He's also trying to talk me out of using a lawyer, which I've already retained. He wants to go thru mediation instead. It was my understanding that this purpose was to resolve an issue, not to prepare a separation agreement & attend to issues in court. Is this right?

Oh, and he says he misplaced the letter & asked for another one. That's not like him.


----------



## Pluto2 (Aug 17, 2011)

The misplaced letter, he's stalling for time.

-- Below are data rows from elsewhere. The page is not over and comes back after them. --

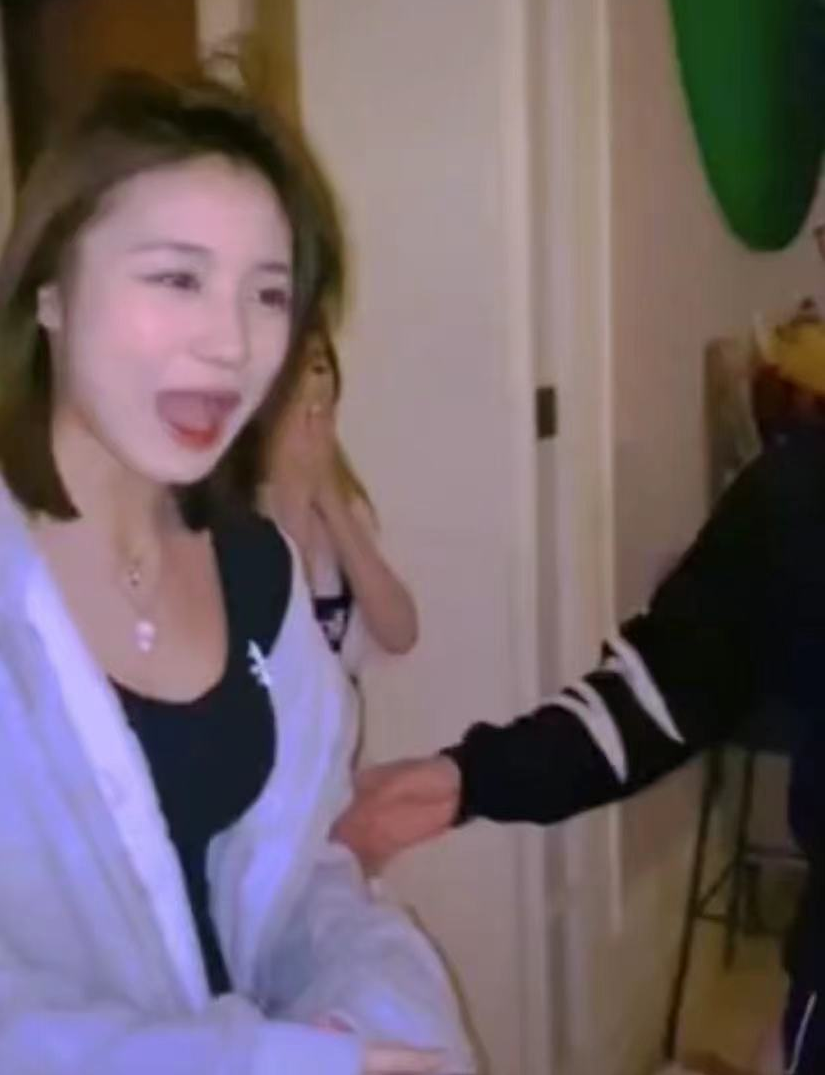 章子怡为继女举办生日宴，送手写信场面感人，5岁醒醒还自制礼物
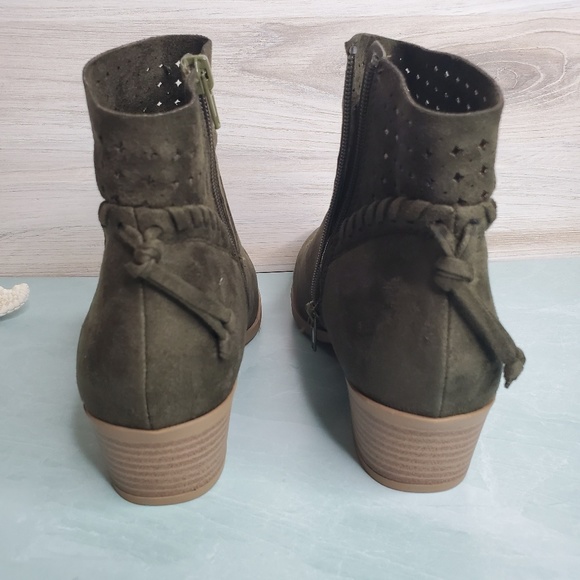 New! Western Laser-Cut Booties - Picture 4 of 8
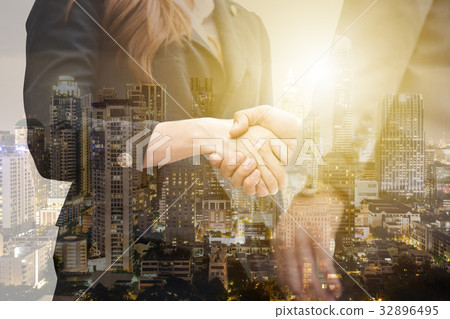 Double exposure Business people shake hand. 32896495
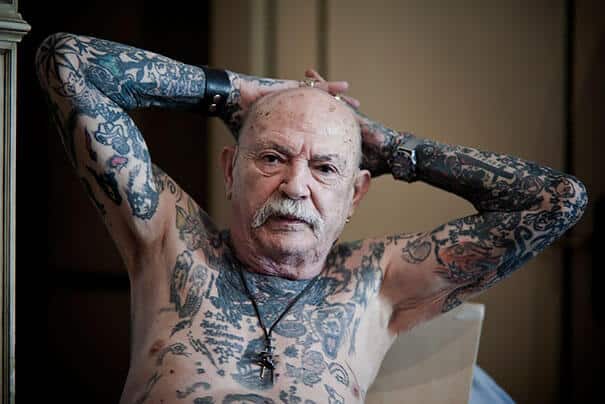 Tatouages personnes âgées, style et mode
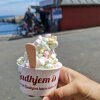 Heftig skumfidus-softice hos Gudhjem is! - Rejse-reportage: Mini-håndbog til en eventyrlig ø-ferie i Gudhjem på Bornholm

In most places, mediation works if the couple basically agree on things before they go in. It lets you tweak a visitation schedule to weird work hours, and to finally decide who gets great-grandma's furniture-that kind of thing. Yes, it is cheaper than court, but when you go through mediation you lose the benefit of counsel and the mediator is not a judge. Heck, in lots of states the mediator isn't even an attorney. I would follow the advice of your attorney, especially because you and your children need legal protection. Both you and your child need financial protection in the form of support, and you need legal protection for any visitation due to his drug use.

Has he started any treatment for drugs and alcohol? If not, stop taking his calls and direct him to your attorney.


----------



## aquajay (Feb 13, 2013)

No... he hasnt started treatment or anything because he doesn't think he has a problem; he's in total denial and can't look inside. 

I told him I can't pursue mediation because I've retained a lawyer. He has to have his financial statement to my lawyer by Friday this week & instead of going through a lawyer, he's getting it witnessed by one at a notary office through a family friend. I talked to my lawyer briefly today & have an appt Friday to go over my financials so he can have a copy. Also to find out where to go from here. 

A realtor is coming over tomorrow to let us know what he thinks market value is. So if we sell the house & don't have custody figured out, how long will that take if it has to go through court?


----------



## EleGirl (Dec 3, 2011)

How fast are houses selling where you live?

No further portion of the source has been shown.